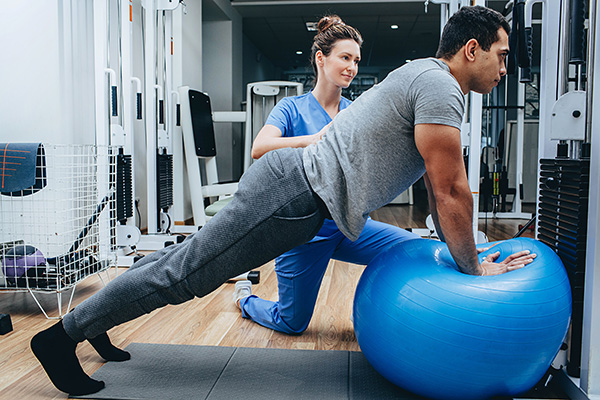 yolo-600x400-73 Nurse helping a man exercise in a rehab gym
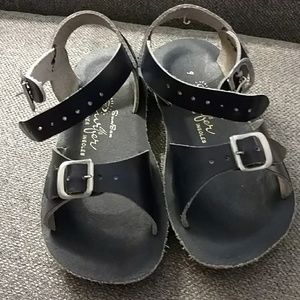 Saltwater sandals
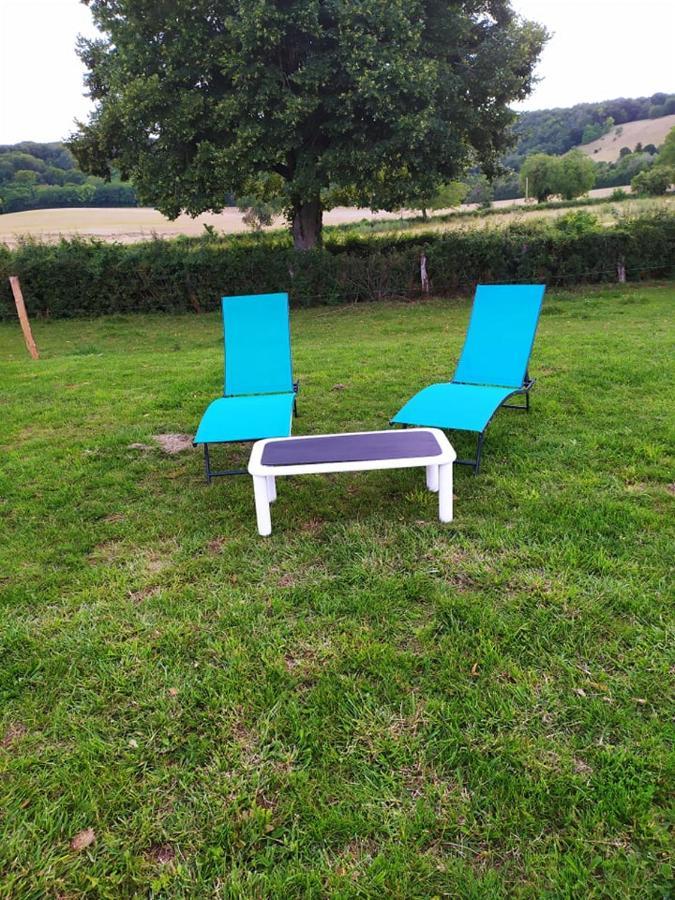 La Roulotte De Francine Guest House Chazeuil Exterior foto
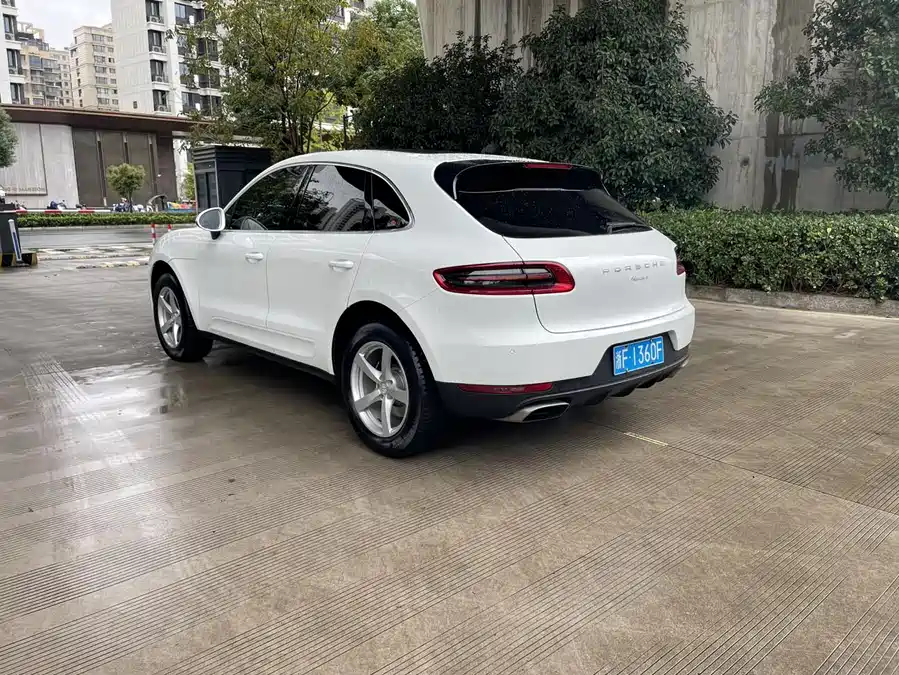 Porsche Porsche Macan в цвете и кузовом – это идеальный выбор среди китайских автомобилей. Доступная цена и надежность гарантированы.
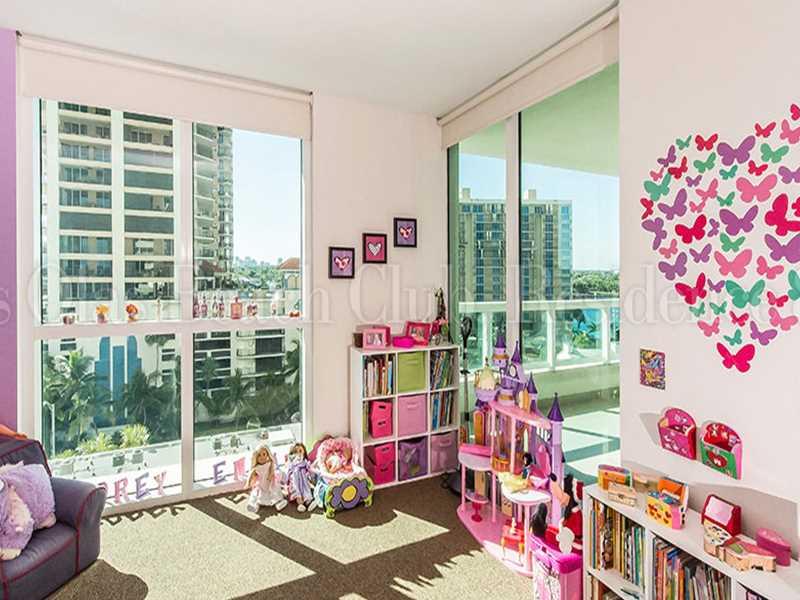 Las Olas Beach Club - Residential Lease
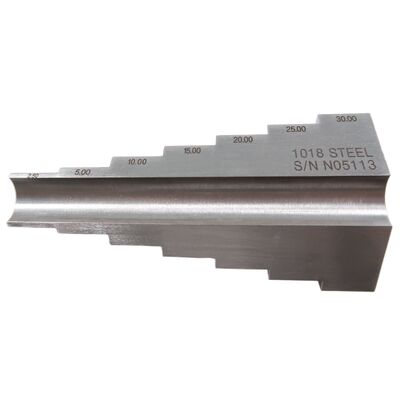 Bloc d'étalonnage à 7 gradins pour tubes en acier 1018 avec épaisseurs de 2,5-5-10-15-20-25-30 mm pour contrôle par ultrasons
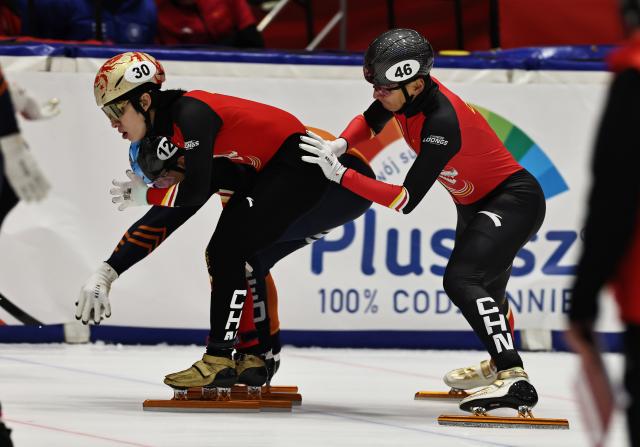 (251124) -- GDANSK, Nov. 24, 2025 (Xinhua) -- Lin Xiaojun (L) and Liu Shaolin of team China compete during the men's 500m relay Final A at the ISU Short Track World Tour #3 speed skating event in Gdansk, Poland, Nov. 23, 2025. (Xinhua/Gao Jing)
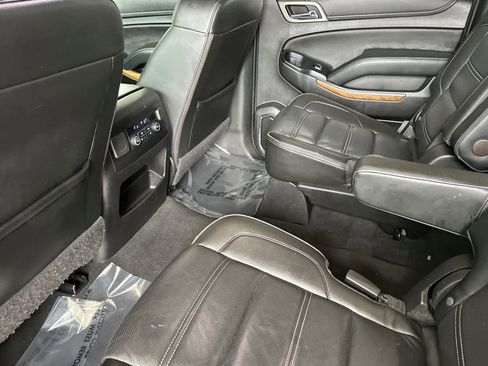 Used 2020 GMC Yukon XL Denali image 4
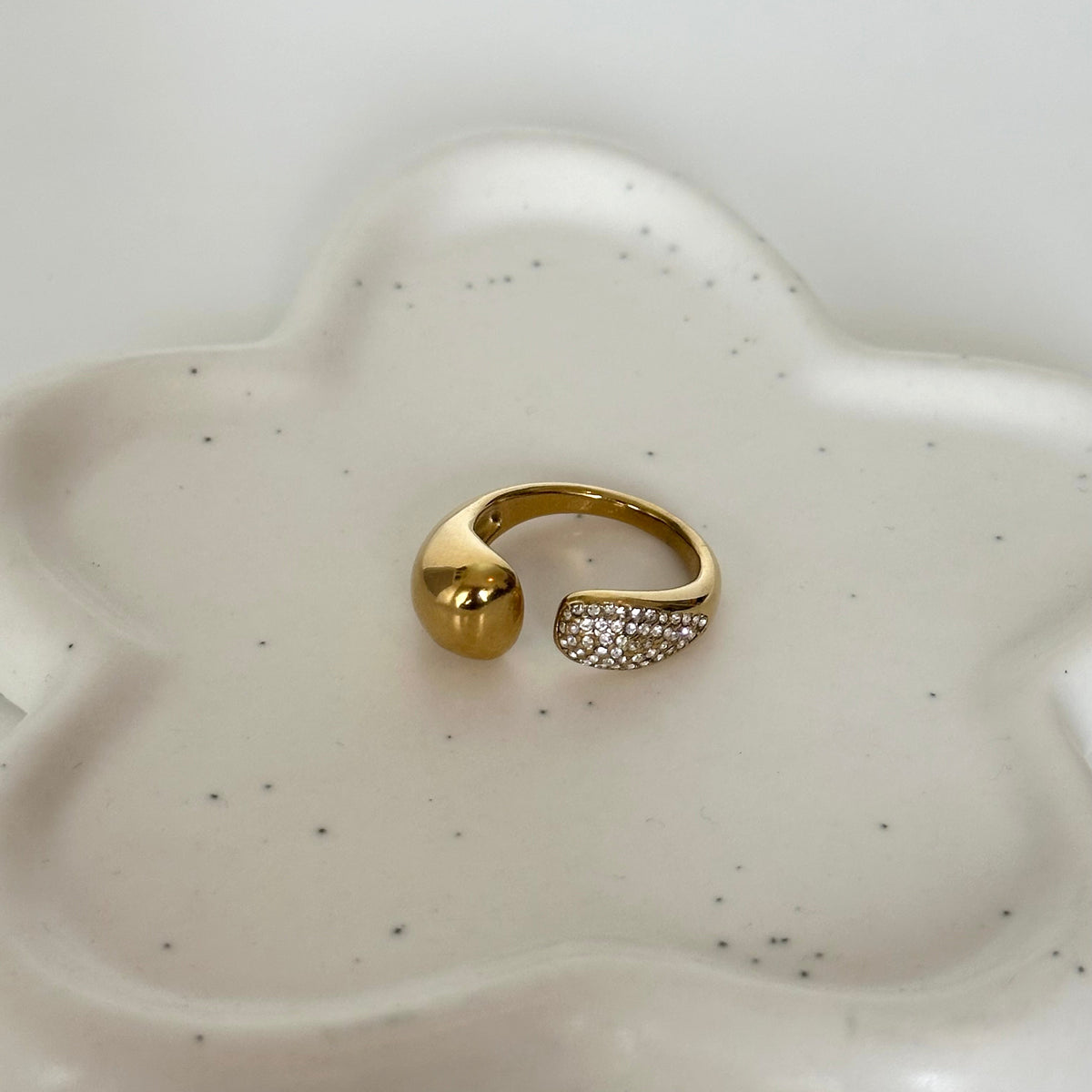 Bague Erin ajustable dorée avec détail pavé de strass vue de face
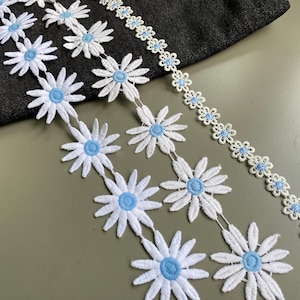 Two-tone blue daisy guipure lace trim, 11/16&quot; 2&quot; (1.8 cm 5 cm) wide, Blue/ White, Blue/ Ivory, Boho lace, Polyester lace
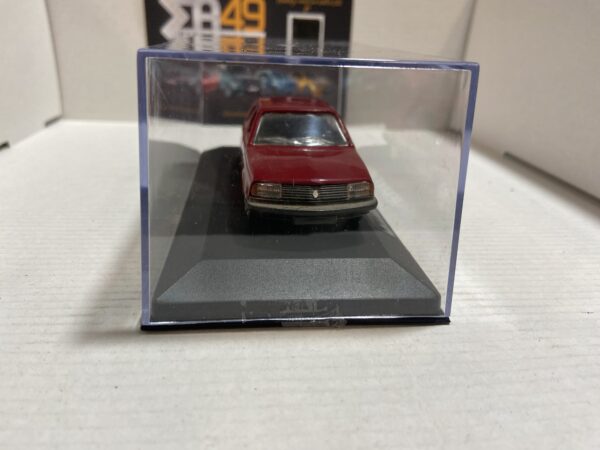 Renault 18 Rouge 1/43 – Image 2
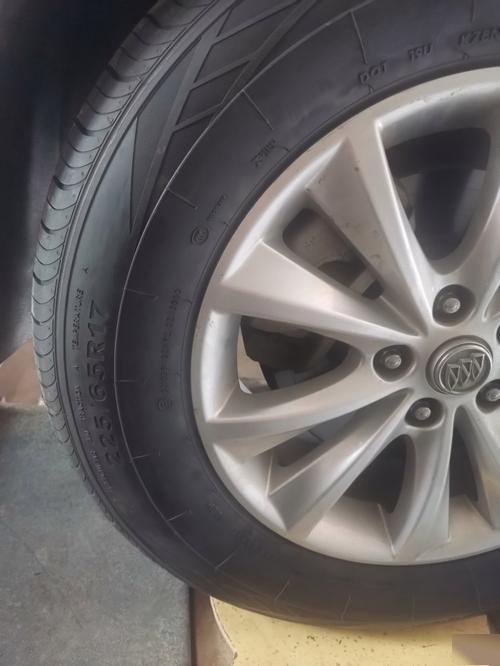 昂科威轮胎型号是多少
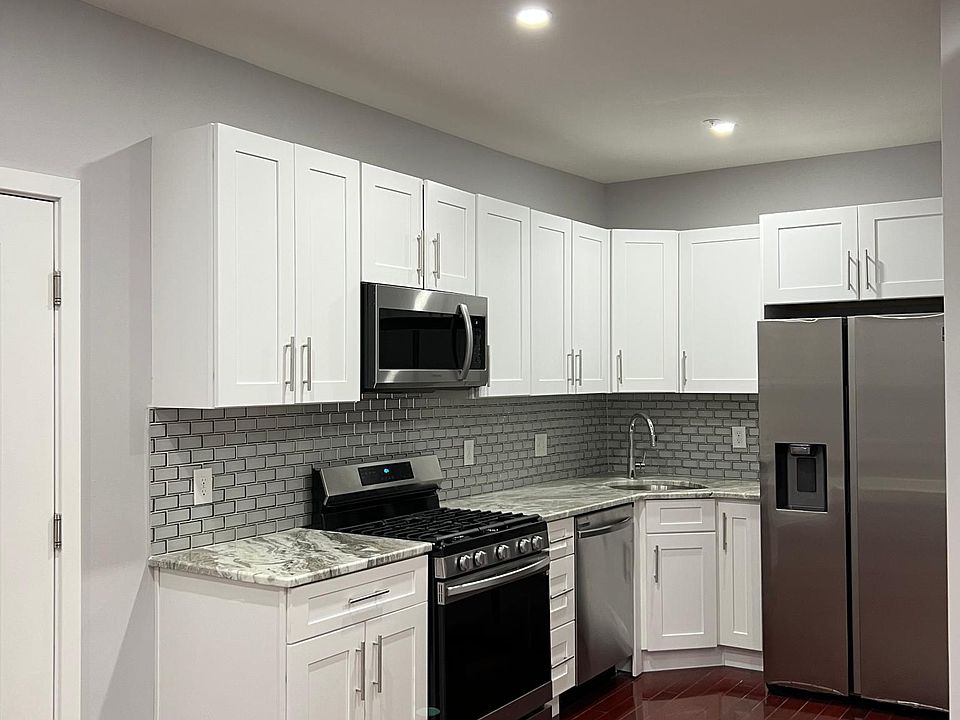 1st image of 304 Richmond St #5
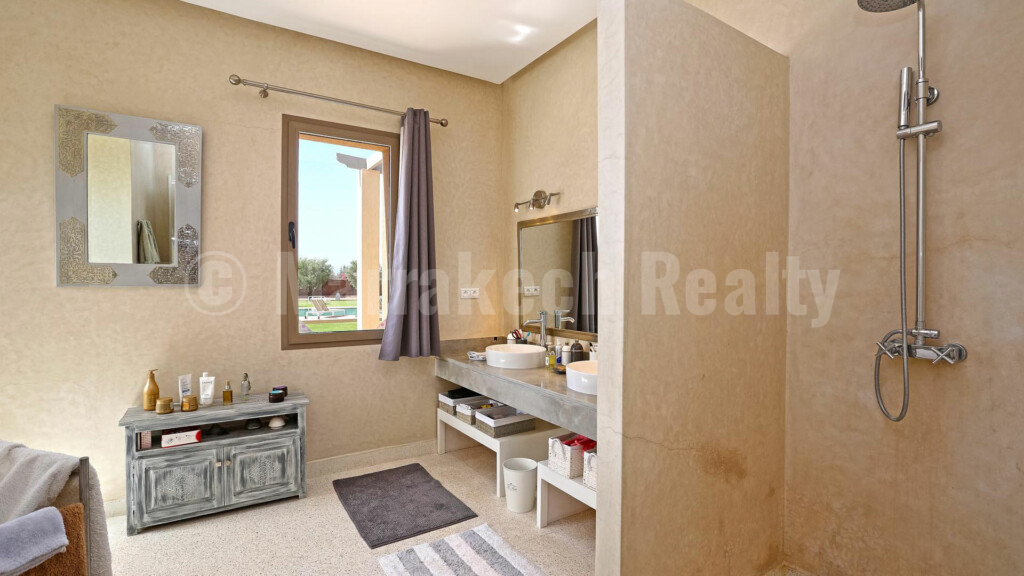 This superb modern 4 bedroom villa seeks new owner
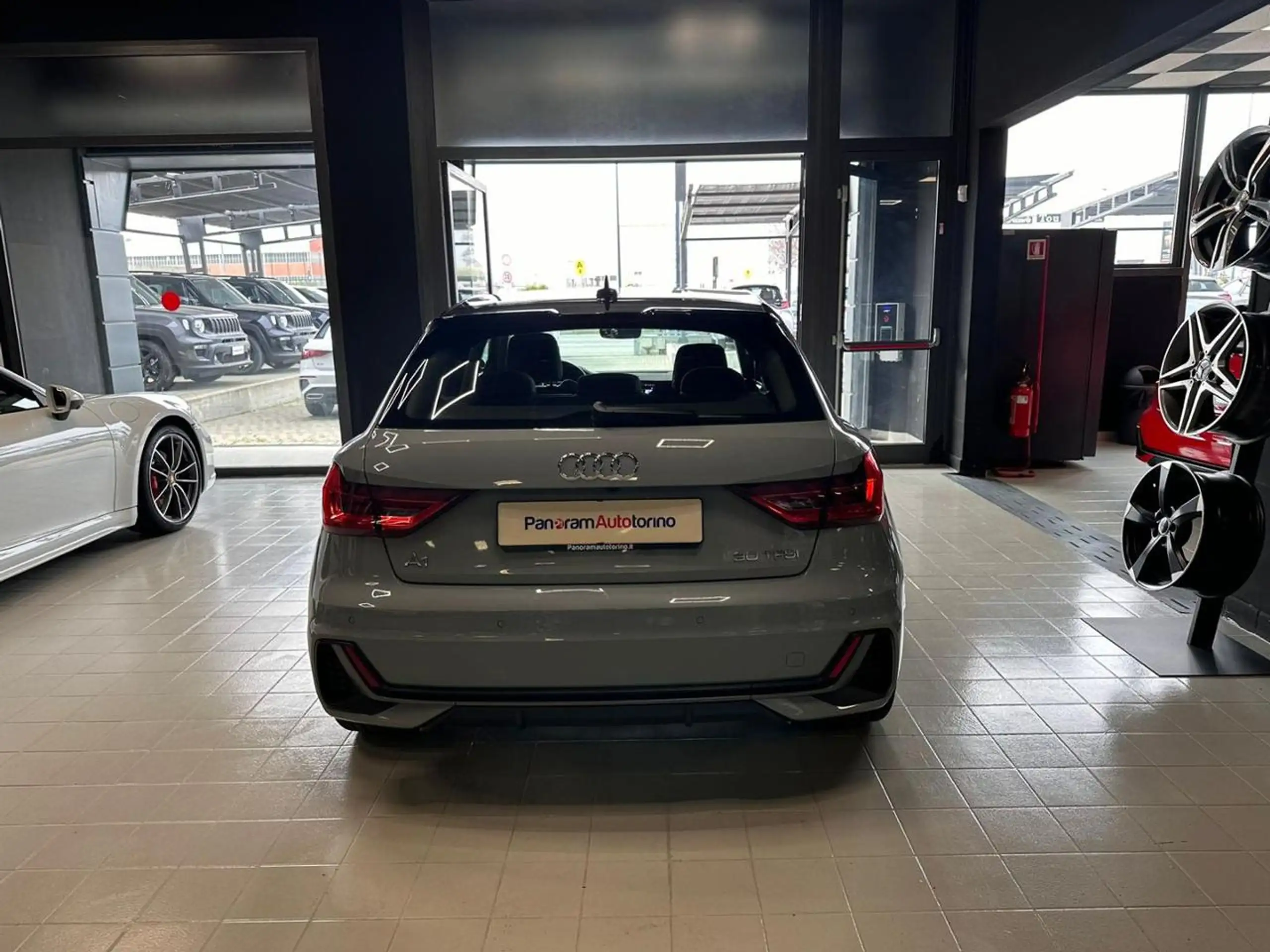 Audi - A1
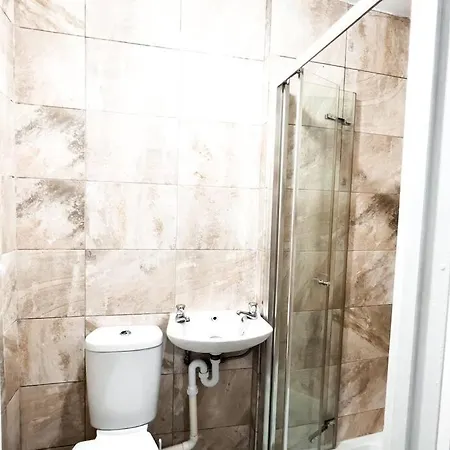 With Bathroom And Kitchen 20 Minutes From Apartment *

# # #

WHAT YOU ARE ASKED TO DO = Using the entries above, extract exactly the lines from the one that contains "Bloc d'étalonnage à" through the one that contains "Bague Erin ajustable". Do not carry over any pictures.

OUTPUT FOR THIS TASK =
 Bloc d'étalonnage à 7 gradins pour tubes en acier 1018 avec épaisseurs de 2,5-5-10-15-20-25-30 mm pour contrôle par ultrasons
 (251124) -- GDANSK, Nov. 24, 2025 (Xinhua) -- Lin Xiaojun (L) and Liu Shaolin of team China compete during the men's 500m relay Final A at the ISU Short Track World Tour #3 speed skating event in Gdansk, Poland, Nov. 23, 2025. (Xinhua/Gao Jing)
 Used 2020 GMC Yukon XL Denali image 4
 Bague Erin ajustable dorée avec détail pavé de strass vue de face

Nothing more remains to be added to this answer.